■ PROMPT: Give back exactly the lines from the start of the entries below to the line holding "Empanada de carne con pasas", that line included, and leave every picture out.

▬▬▬

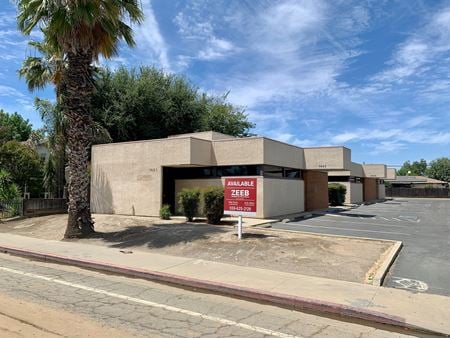Office space for Rent at 1441 East El Monte Way in Dinuba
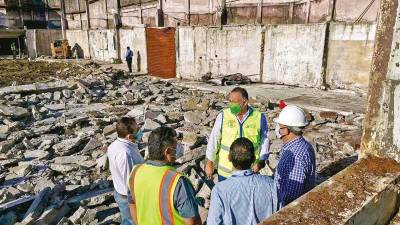 Construcción. Los trabajos avanzan con buen suceso, el alcalde Armando Calidonio supervisa el proyecto, que se espera esté terminado en los próximos meses.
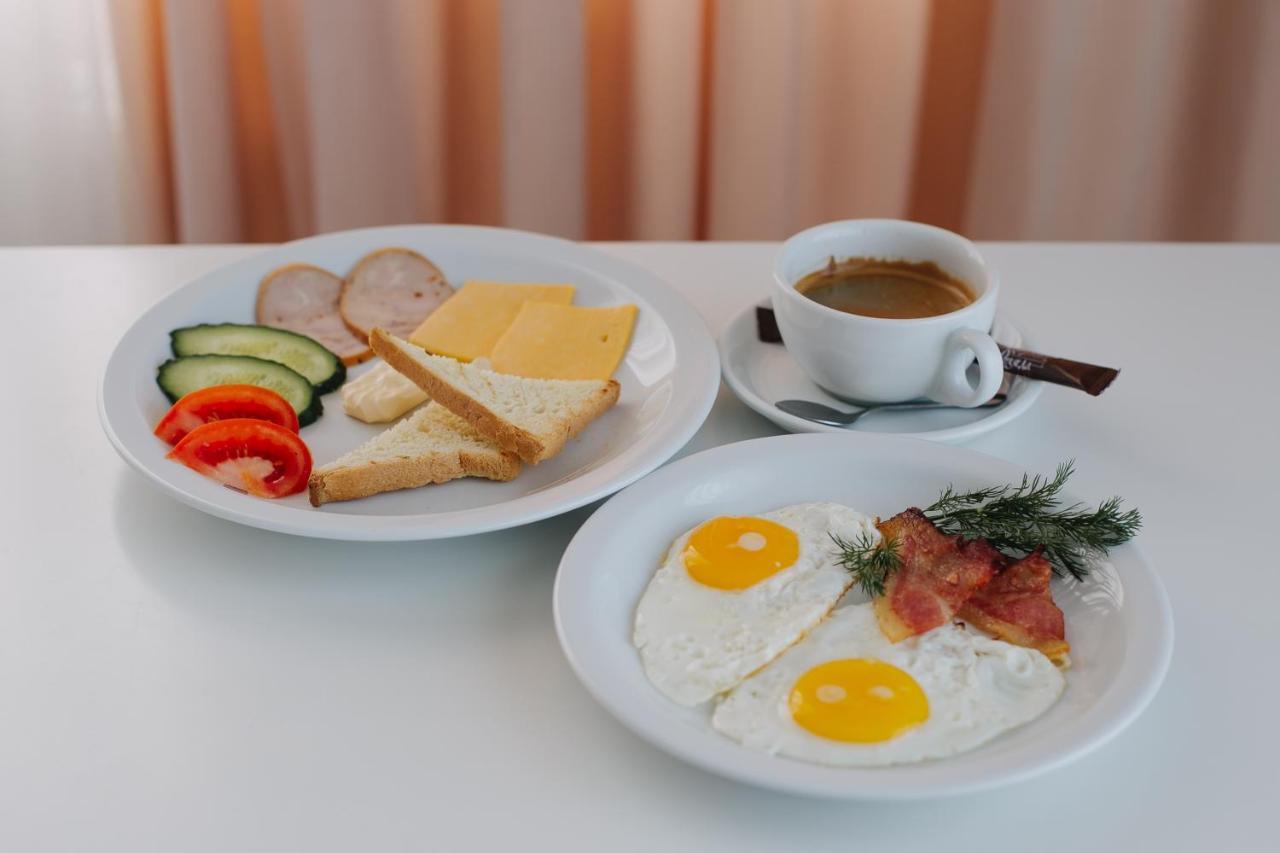 Роляда Hotel Tysmenytsia Ngoại thất bức ảnh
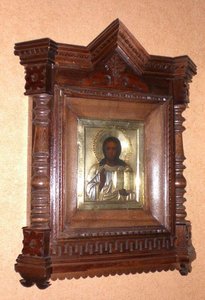 Вседержитель в окладе из серебра 84 пробы и красивом Киоте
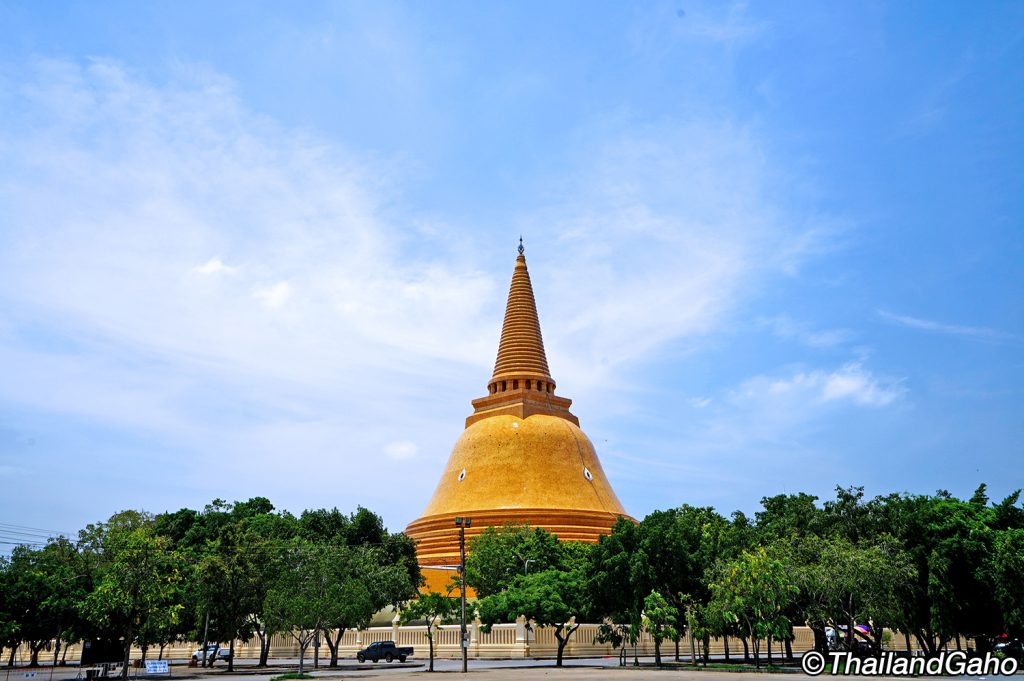 ナコンパトム大仏塔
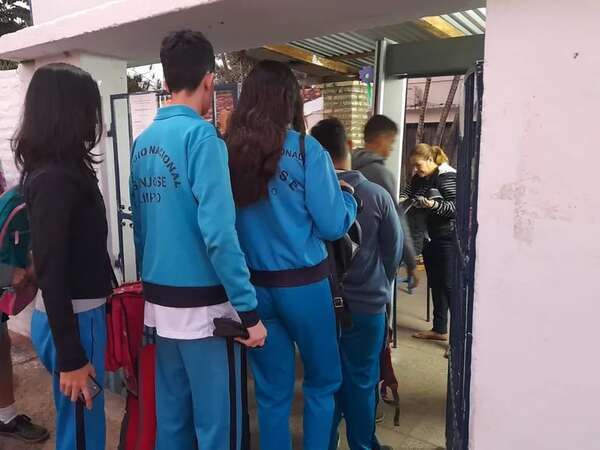MEC: de 2.622 denuncias de violencia escolar, casi la mitad de los casos están sin resolverse - Nacionales - ABC Color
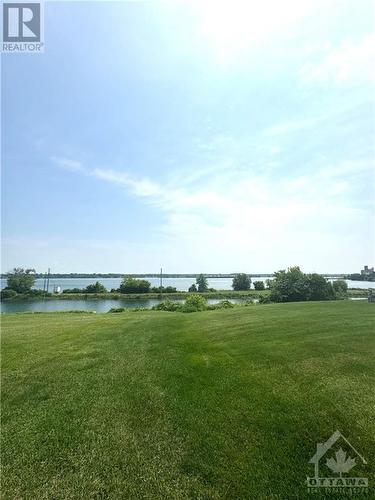 Estate community access to canal waterfront overlooking St Lawrence. - 9 Flett Street, Cardinal, ON 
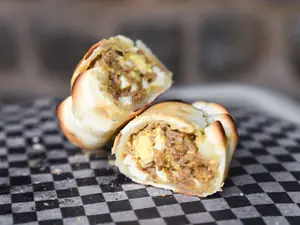 Empanada de carne con pasas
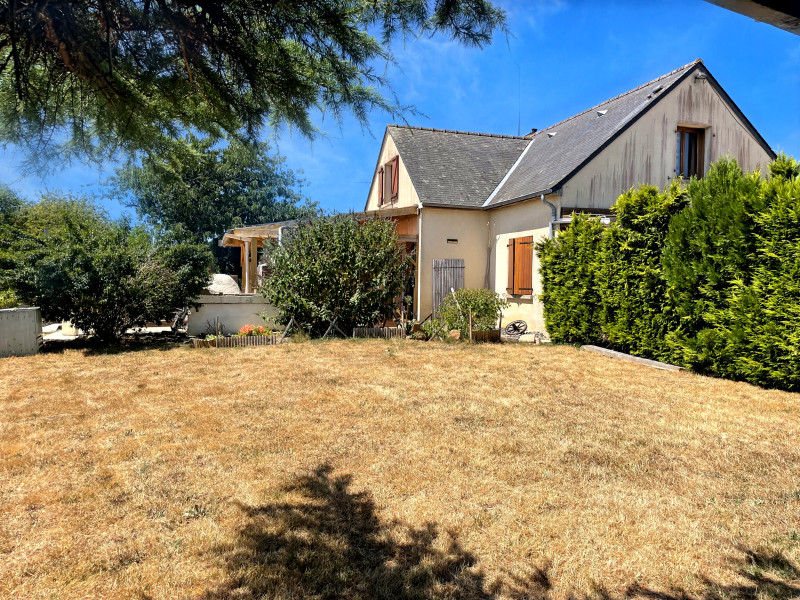 French property for sale in Champéon, Mayenne - €225,806 - photo 6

▬▬▬

■ OUTPUT:
Office space for Rent at 1441 East El Monte Way in Dinuba
 Construcción. Los trabajos avanzan con buen suceso, el alcalde Armando Calidonio supervisa el proyecto, que se espera esté terminado en los próximos meses.
 Роляда Hotel Tysmenytsia Ngoại thất bức ảnh
 Вседержитель в окладе из серебра 84 пробы и красивом Киоте
 ナコンパトム大仏塔
MEC: de 2.622 denuncias de violencia escolar, casi la mitad de los casos están sin resolverse - Nacionales - ABC Color
 Estate community access to canal waterfront overlooking St Lawrence. - 9 Flett Street, Cardinal, ON 
 Empanada de carne con pasas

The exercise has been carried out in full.